Peak streamflow for the Baraboo River at Rock Springs was estimated through the use of the slope-area method (Dalrymple and Benson, 1967). In the slope-area method, streamflow is computed on the basis of a uniform-flow equation involving channel characteristics, water-surface profiles, and a roughness coefficient (Rantz and others, 1982). Computations were done with the USGS Slope Area Computation program (SAC) (Fulford, 1994) and surveyed channel geometry and high-water-mark data. An available HEC-RAS step-backwater hydraulic model for the Baraboo River was obtained from Robert Watson (National Flood Insurance Coordinator, Wisconsin Department of Natural Resources, written commun., 2008) and was used to determine the streamflow that yielded a profile that best matched the actual flood water-surface profile (Davidian, 1984).
For Rock Springs, the selected model-generated profile was within ±0.2 ft of high-water marks defining the actual flood profile. This provided an independent estimate of peak streamflow for comparison with the streamflow computed with the slope-area method.

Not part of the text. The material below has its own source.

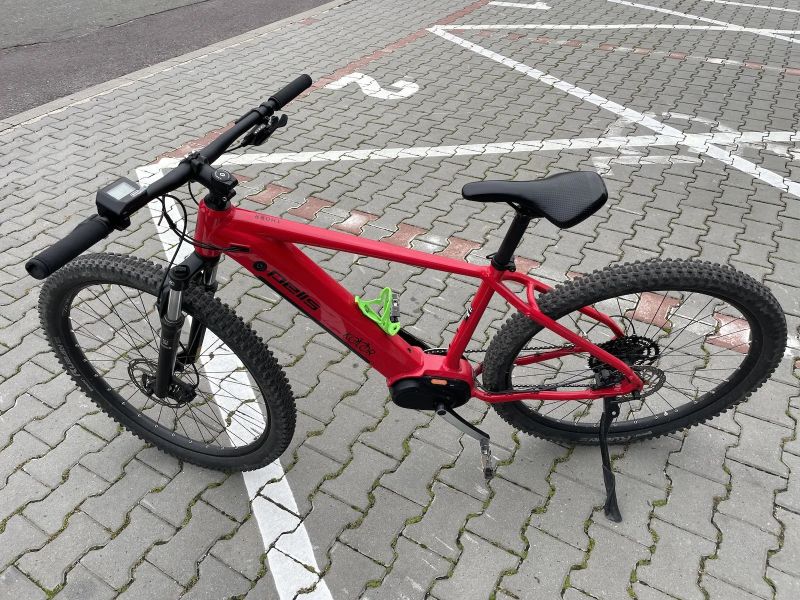 Pells Thorr 3 ER Red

In Reedsburg, no suitable stream reach was available to reliably employ the slope-area method, nor were there other suitable hydraulic features, such as a bridge contraction, that would allow employment of the contracted-opening method. An available HEC-RAS model was employed with various streamflows to generate water-surface profiles for comparison with the actual flood profile. The modeled streamflow that generated the profile that best matched the actual flood profile was selected for the peak-streamflow estimate. For Reedsburg, the peak flow was estimated to be within a range of discharge such that profiles determined by the low and high ends of the range were within 0.3 ft high water marks defining the actual peak flood flow.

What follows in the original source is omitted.